SPEC2006 - The Results An Introduction to Neural Network Processing
Comments Locked

116 Comments

View All Comments

  • lilmoe - Monday, January 22, 2018 - link

    Unfortunately, they're not "fully" vertical as of yet. They've been held back since the start by Qualcomm's platform, because of licensing and "other" issues that no one seems to be willing to explain. Like Andrei said, they use the lowest common denominator of both the Exynos and Snapdragon platforms, and that's almost always lower on the Snapdragons.
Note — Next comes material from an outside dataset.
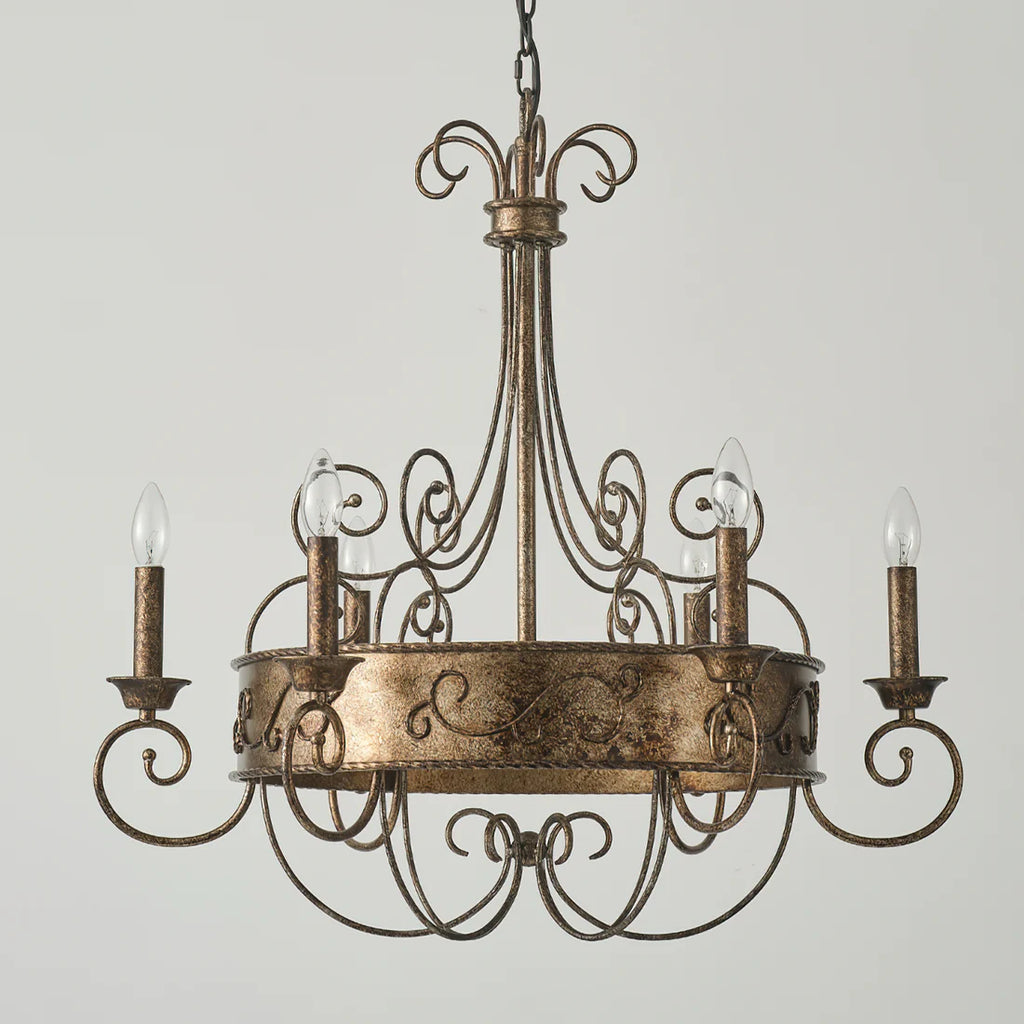 Franklin Rust Candlestick Chandelier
    Where I disagree with Andrei, and others, are the efficiency numbers and the type of workloads used to reach those results. Measuring efficiency at MAX CPU and GPU load is unrealistic, and frankly, misleading. Under no circumstance is there a smartphone workload that demands that kind of constant load from either the CPU or GPU. A better measure would be running a actual popular game for 30 mins in airplane mode and measuring power consumption accordingly, or loading popular websites, using the native browser, and measuring power draw at set intervals for a set period of time (not even a benchmarking web application).

    Again, these platforms are designed for actual, real world, modern smartphone workloads, usually running Android. They do NOT run workstation workloads and shouldn't be measured as such. Such notions, like Andrei has admitted, is what pushes OEMs to be "benchmark competitive", not "experience competitive". Apple is also guilty of this (proof is in the latest events, where they're power deliver can't handle the SoC, or the SoC is designed well above sustainable TDP). I can't stress this enough. You just don't run SPEC and then measure "efficiency". It just doesn't work that way. There is no app out there that stresses a smartphone SoC this much, not even the leading game. In the matter of fact, there isn't an Android (or iPhone) game that saturates last year's flagship GPU (probably not even the year before).

    We've reached a point of perfectly acceptable CPU and GPU performance for flagships running 1080p and 1440p resolution screens at this point. Co-processors, such as the decoder, ISP, DSP and NPU, in addition to software optimization are far, FAR more more important at this time, and what Huawei has done with their NPU is very interesting and meaningful. Kudos to them. I just hope these co-processors are meant to improve the experience, not collect and process private user data in any form.
  • star-affinity - Monday, January 22, 2018 - link

    Just curious about your claims about Apple – so you think it's a design fault? I'm thinking that the problem arise only when the battery has been worn out and a healthy battery won't have the problem of not sustaining enough juice for the SoC.
  • lilmoe - Monday, January 22, 2018 - link

    Their batteries are too small, by design, so that's the first design flaw. But that still shouldn't warrant unexpected slowdowns within 12-18 months of normal usage; their SoCs are too power hungry at peak performance, and the constant amount of bursts was having its tall on the already smaller batteries that weren't protect with a proper power delivery system. It goes both ways.
  • Samus - Monday, January 22, 2018 - link

    Exactly this. Apple still uses 1500mah batteries in 4.7" phones. When more than half the energy is depleted in a cell this small, the nominal voltage drops to 3.6-3.7v from the 3.9-4.0v peak. A sudden spike in demand for a cell hovering around 3.6v could cause it to hit the low-voltage cutoff, normally 3.4v for Li-Ion, and 3.5v for Li-Polymer, to prevent damage to the chemistry the internal power management will shut the phone down, or slow the phone down to prevent these voltage drops.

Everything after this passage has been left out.